COLLECTED MATERIAL -
************

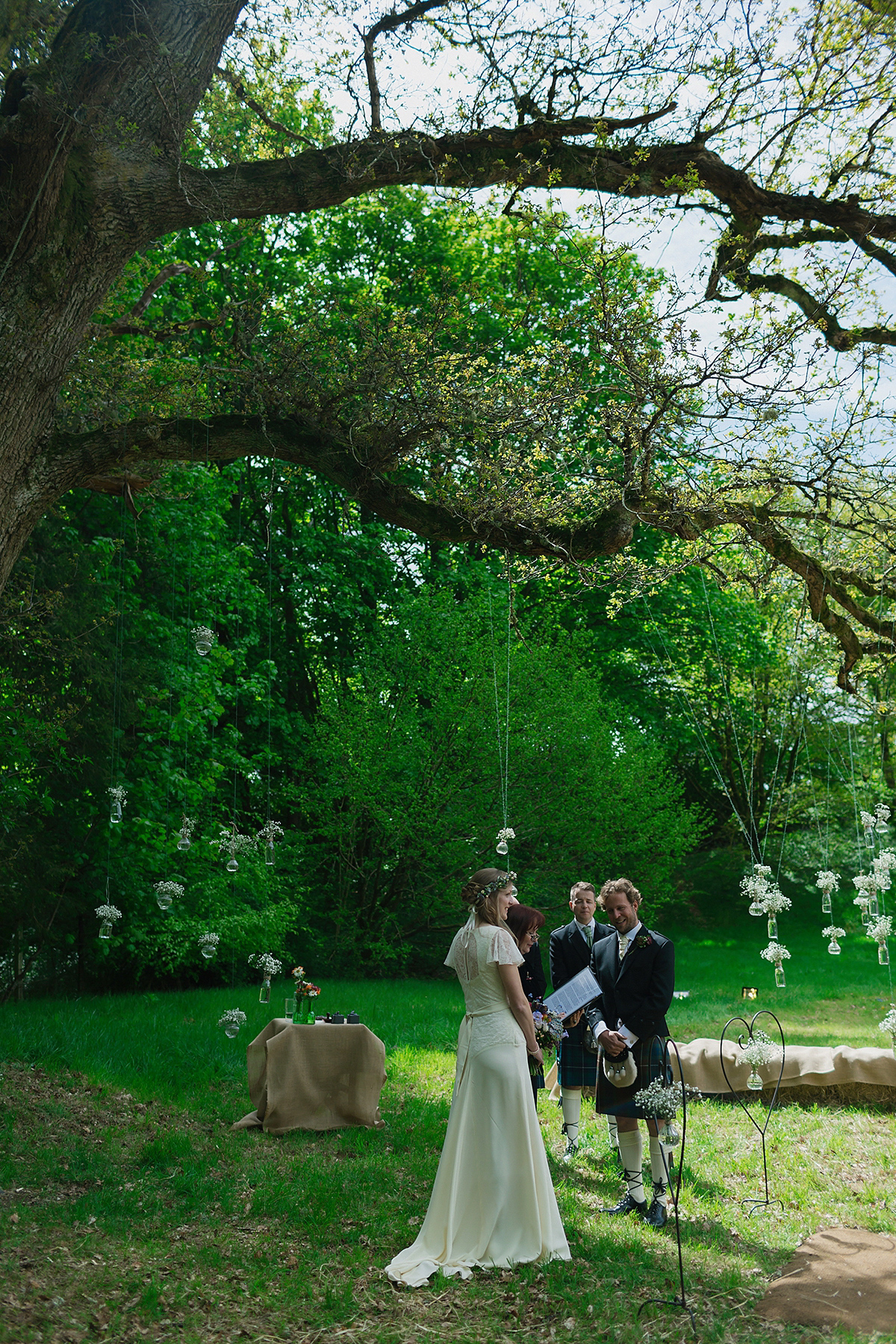 Belle & Bunty Lace For A Natural and Humanist Outdoor Wedding In Scotland 19 belle and bunty humanist outdoor wedding 17 1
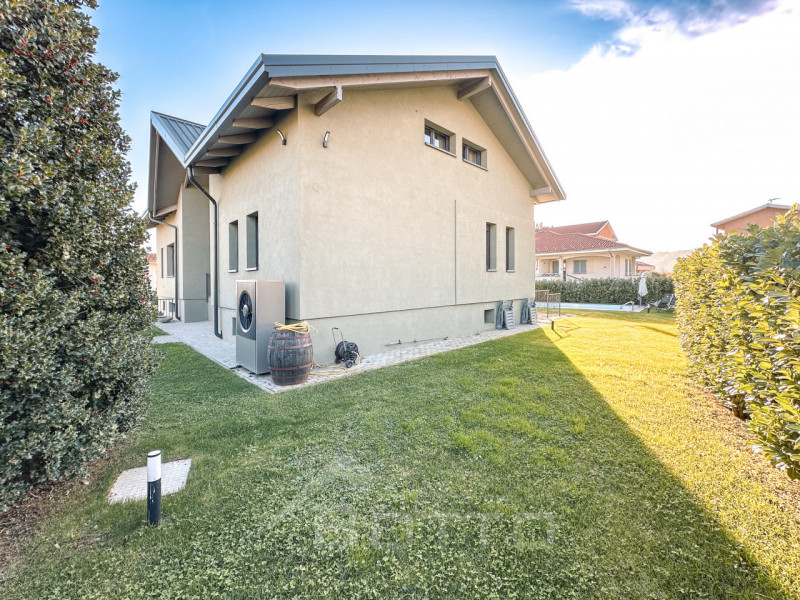 Villa for sale in Grignasco with pool, garden and two independent apartments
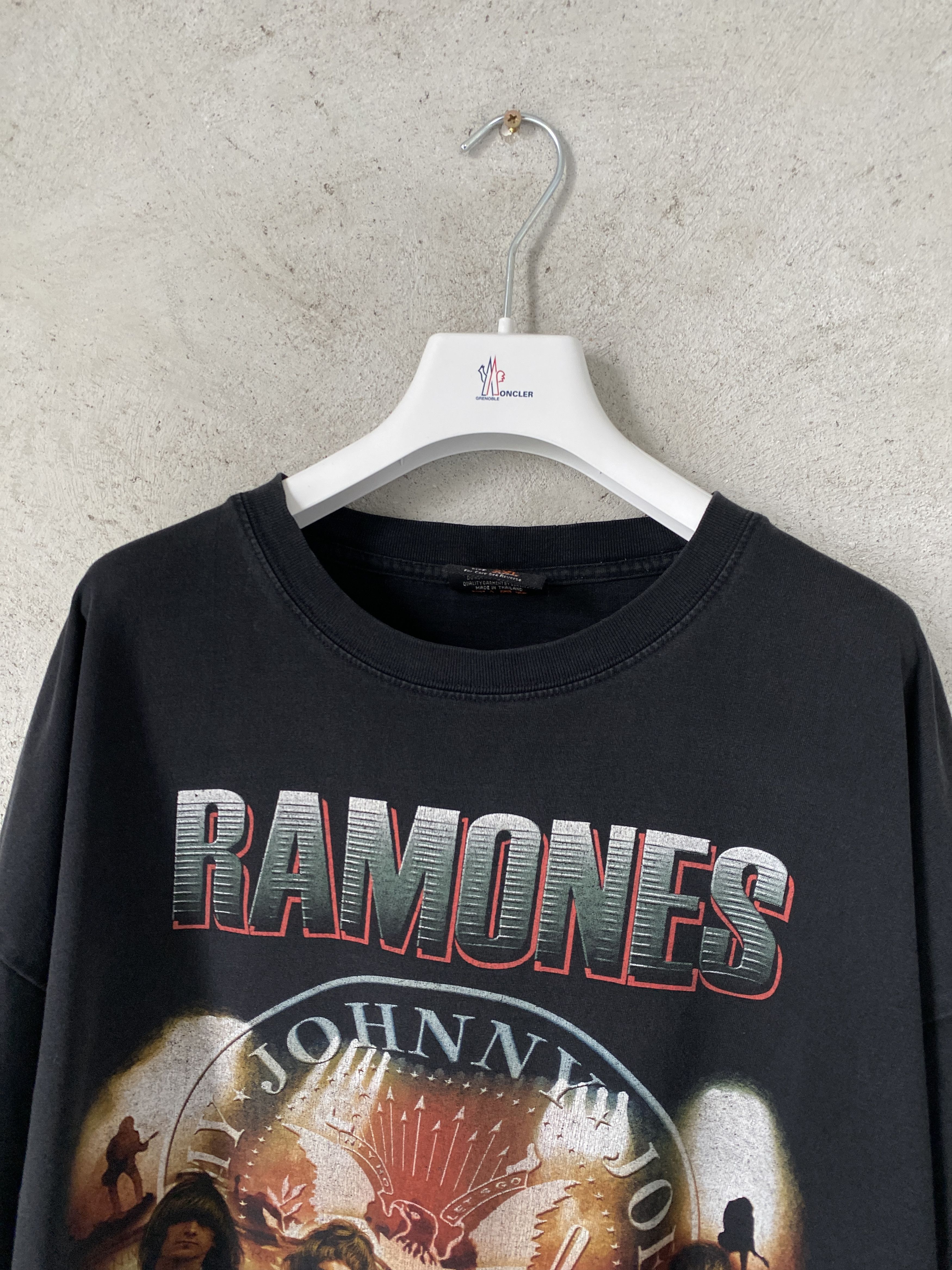 Band Tees Vintage Ramones big logo t-shirt tee rock band Size US XXL / EU 58 / 5 - 2 Thumbnail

************

BRIEF - Print the material in full and exactly; the pictures must not be printed.

EXERCISE RESULT -
 Belle & Bunty Lace For A Natural and Humanist Outdoor Wedding In Scotland 19 belle and bunty humanist outdoor wedding 17 1
 Villa for sale in Grignasco with pool, garden and two independent apartments
 Band Tees Vintage Ramones big logo t-shirt tee rock band Size US XXL / EU 58 / 5 - 2 Thumbnail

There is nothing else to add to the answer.